The way we live, work, and use our homes has changed considerably. Today we are spending more time indoors and as a result space is becoming premium. The dining room table is especially taking a hit – not just being used to eat but is also doubling up as a school desk and makeshift home office too.
Combining open plan living with the work-from-home lifestyle is proving quite a challenge, with many of us now longing for clearly divided spaces that allow for privacy and flexibility.
There are three main questions you should be asking yourself when deciding whether an open or closed kitchen is right for you, your home, and your lifestyle:
What kind of host are you?
The kitchen has always been a place where people come together so a good starting point is to think of how your kitchen will work during family dinner times, or a social event like a party or casual weekend braai.
Spend time thinking about how you as the cook and host would like to connect to your guests and other people in your home. If you want to keep the conversation flowing outside of the living or garden area and enjoy turning a task into a social event, then an open-plan layout will work best. Remember though, that with the good comes the not so good – while an open plan layout will allow others to join in and help you prepare, it also means they will be observing everything you do, even when things go wrong.
If a closed kitchen appeals to you more, then do bear in mind that even though you’ll be isolated from your family and guests, they will still feel obligated to assist you. This means that your guests (or children) are likely to inevitably land up in the kitchen anyway.
How do you feel about clutter?
A functional kitchen is one where there is plenty of storage and place, or space is clearly identified for everything, including appliances and cleaning products. I always think a broom cupboard should be a non-negotiable in any kitchen, as it allows you to tidy up quickly and keeps those pesky items hidden when not in use.
Your view and relationship with mess will be a good indication of what type of kitchen layout is right for you, as this will naturally always be visible to others in an open plan kitchen. Think about your everyday routine here. If you will be using the same space to work from home then consider what may or not be visible during a Zoom call.
If the thought of having dirty pots and pans on display is off-putting, then consider cordoning off some space from the main area for a scullery. Not only will this give you more storage, but you can also stash unwanted and unsightly things away from prying eyes.
If you really want clearly demarcated spaces, then separating the living and cooking area will improve your layout and flow. This option will also give you more wall space to work with, which in turn gives more functional opportunities and more cupboards for storage.
What does the rest of the house look like?

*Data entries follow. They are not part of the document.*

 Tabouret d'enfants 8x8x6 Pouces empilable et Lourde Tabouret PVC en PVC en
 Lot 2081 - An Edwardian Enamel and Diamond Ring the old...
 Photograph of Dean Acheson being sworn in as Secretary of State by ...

Kitchens are forming part of people’s lifestyles and becoming a place of expression, so it is important that the space reflects not just how you want it to function but also your personal aesthetic. Closing off the kitchen can take away valuable and sometimes unnecessary space, but separating it from the rest of the house can make it difficult to keep the interior décor theme flowing.
Even in an open play kitchen area, the kitchen should not only look good but also integrate well with the surrounding living space. Don’t be afraid to add texture in the form of wallpaper and colour if this is occurring in the living and dining area.

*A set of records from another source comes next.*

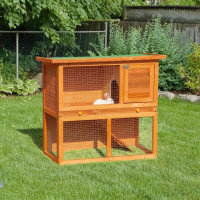 Wooden Rabbit Hutch Small Animal House Cage 2-Level w/ Run Backy
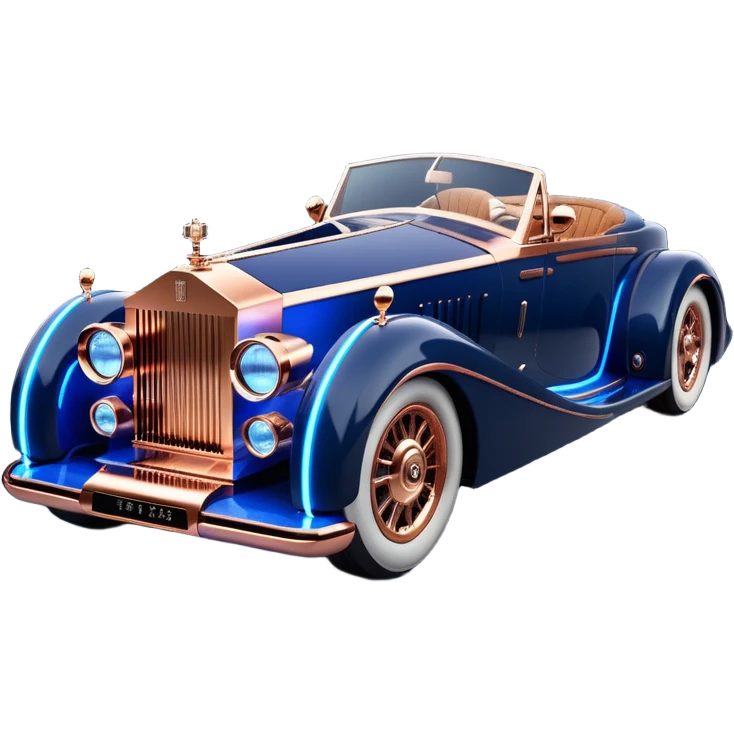 dark blue led lights on a streamlined channeled hot rodded delicately inlaid rose gold and wood accentuated sporty 1889 Rolls Royce with futuristic electric spaceship plasma neon glowing motors and lightening dynamos with wide racing wheels that are held strong by advanced suspension and steering emoji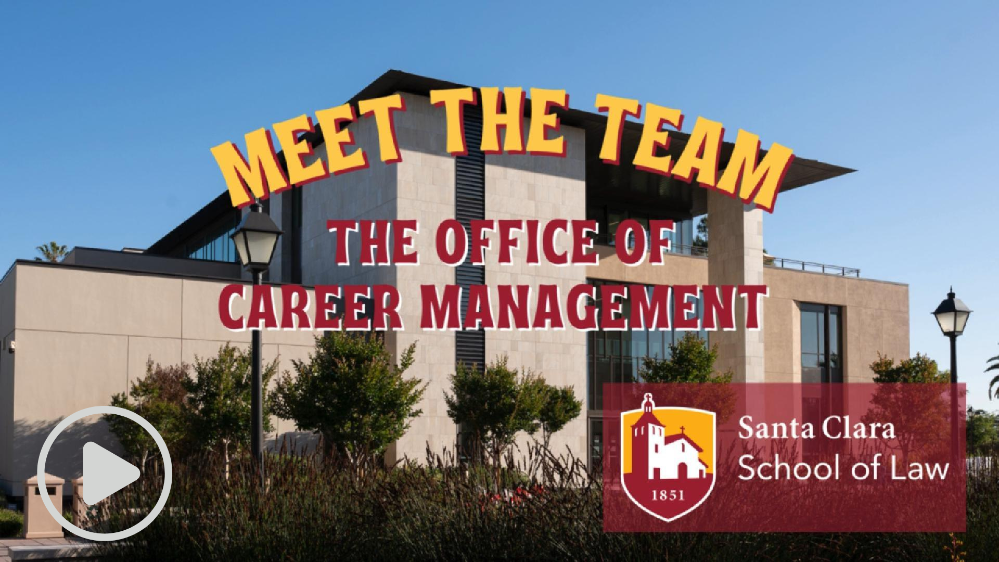 Charney Hall with a Santa Clara Law logo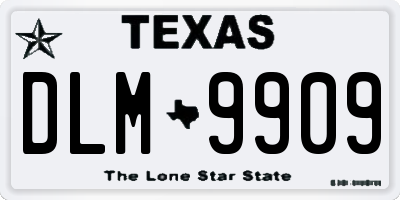 TX license plate DLM9909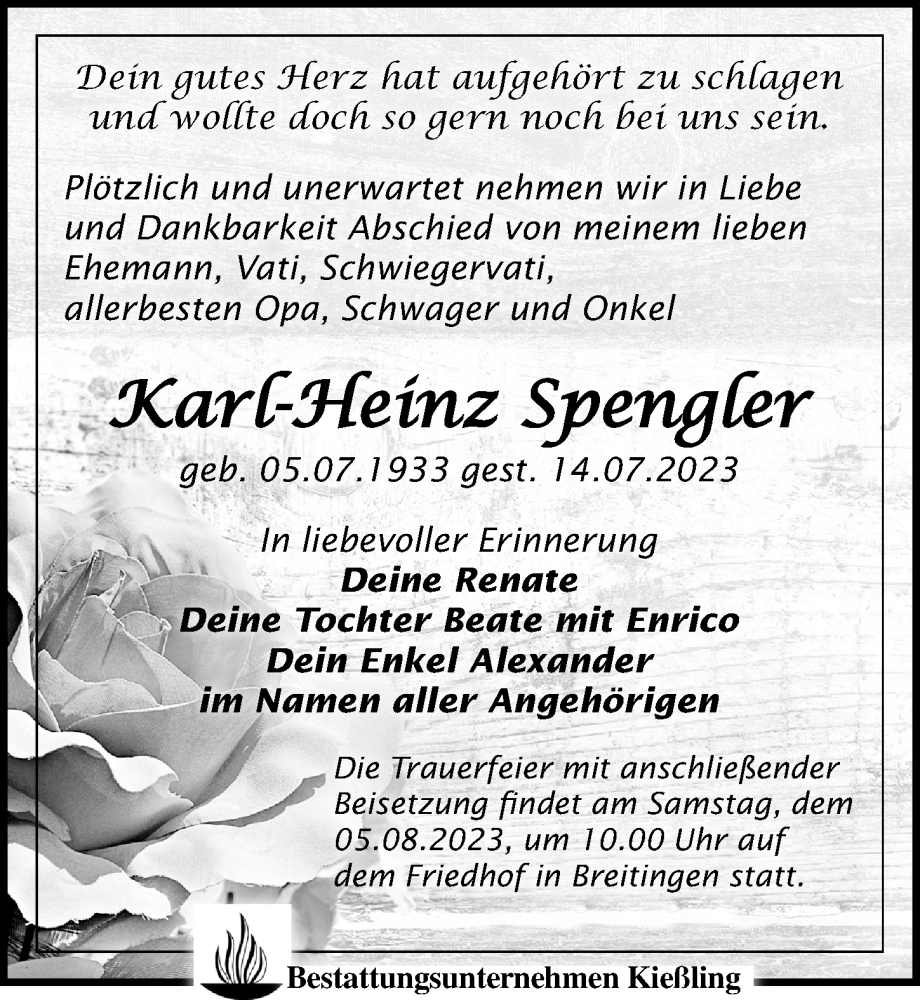 Traueranzeigen Von Karl Heinz Spengler Trauer Anzeigen De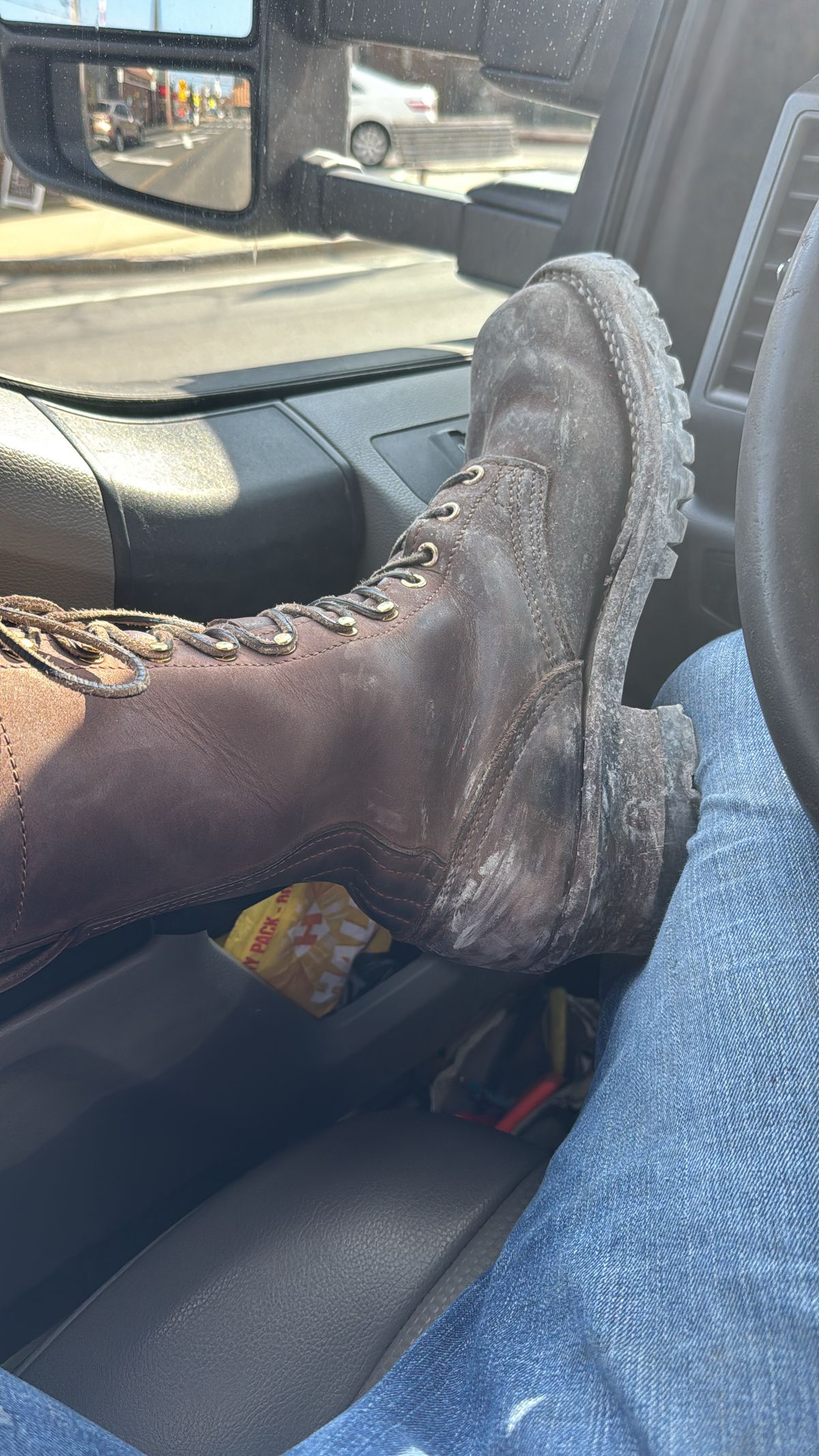 Photo by cleofus on April 10, 2025 of the Nick’s Handmade Boots Builder Pros in 1964 Mahogany.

I absolutely love bringing life and joy to a kitchen by adding coloured cabinetry and then complementing this with stunning tiles, soft lighting and some intricate stonework around the sink and stove. Soft closing drawers are another non-negotiable for me, as it means cabinet doors close softly and automatically, causing less disturbance to those in other parts of the home.
Working out whether to open your kitchen to the rest of the house is a personal one, but extending your space and enhancing the layout of your home shouldn’t come at the expense of your lifestyle and everyday routine.